Białoruski kontroler lotów uciekł do Polski. Opowiedział o porwaniu Pratasiewicza
Do zmuszenia pilotów lotu Ryanair 4978 do lądowania w Mińsku doszło 23 maja. Służby Aleksandra Łukaszenki zdecydowały się na przechwycenie maszyny pod pretekstem informacji o podłożonej w niej bombie. Rzeczywistym celem było zatrzymanie białoruskiego opozycjonisty Ramana Pratasiewicza i jego dziewczyny, którzy wracali z wakacji w Grecji.
Ucieczka do Polski
Bezpośrednim uczestnikiem tych wydarzeń miał być jeden z kontrolerów lotów mińskiego lotniska, który tego dnia miał zmianę w wieży kontrolnej.

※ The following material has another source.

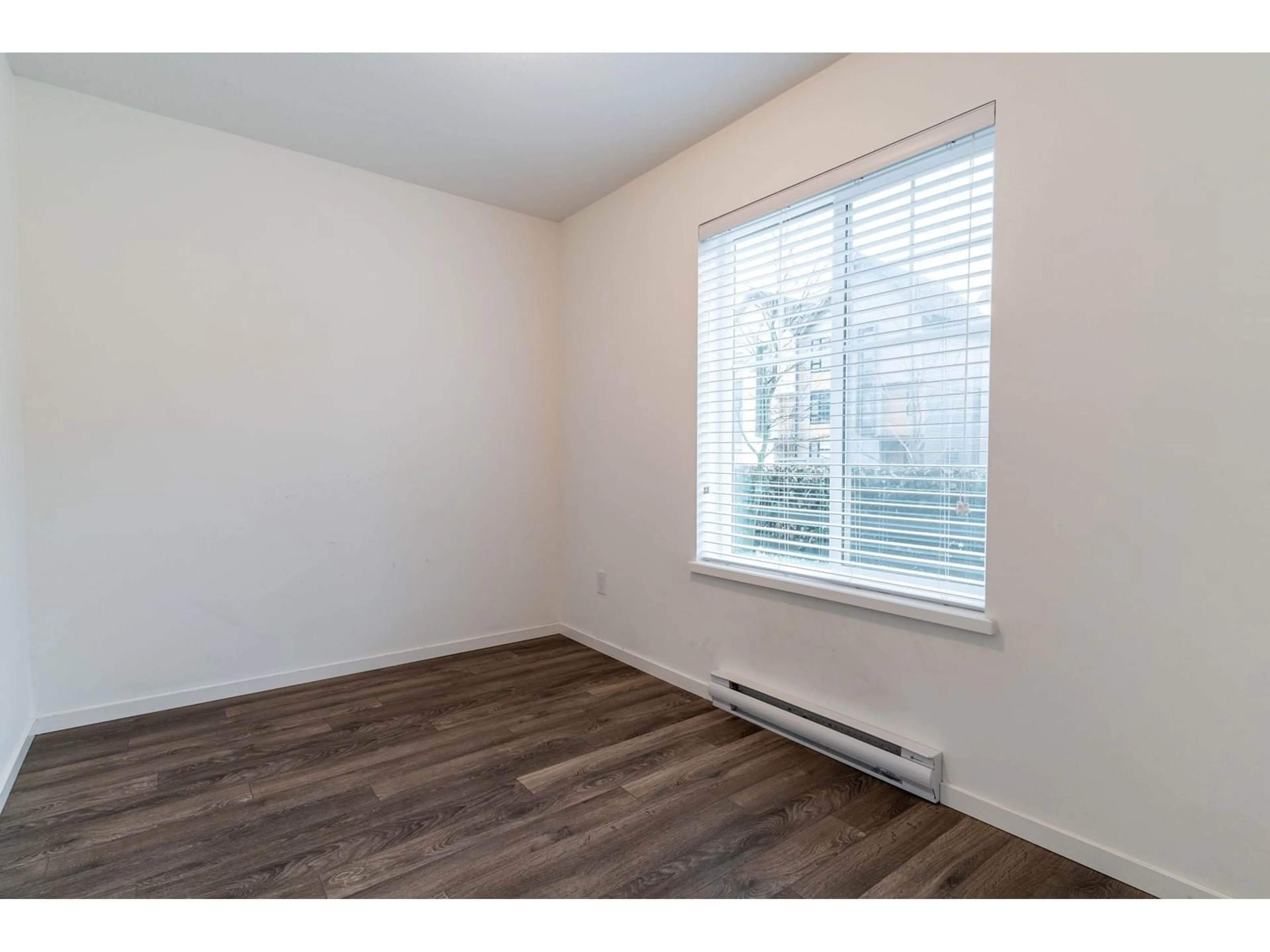 A pic of a room for 82 - 16678 25, Surrey British Columbia V3Z0Z2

Mężczyzna został zmuszony do wykonywania poleceń przez reżimowych funkcjonariusz. Teraz na jaw wyszło, że zbiegł do Polski.
Tego lata, gdy polscy strażnicy odpychali migrantów próbujących przekroczyć polsko-białoruską granicę, pewien mężczyzna, który wślizgnął się ukradkiem do Polski, został ciepło powitany - pisze New York Times.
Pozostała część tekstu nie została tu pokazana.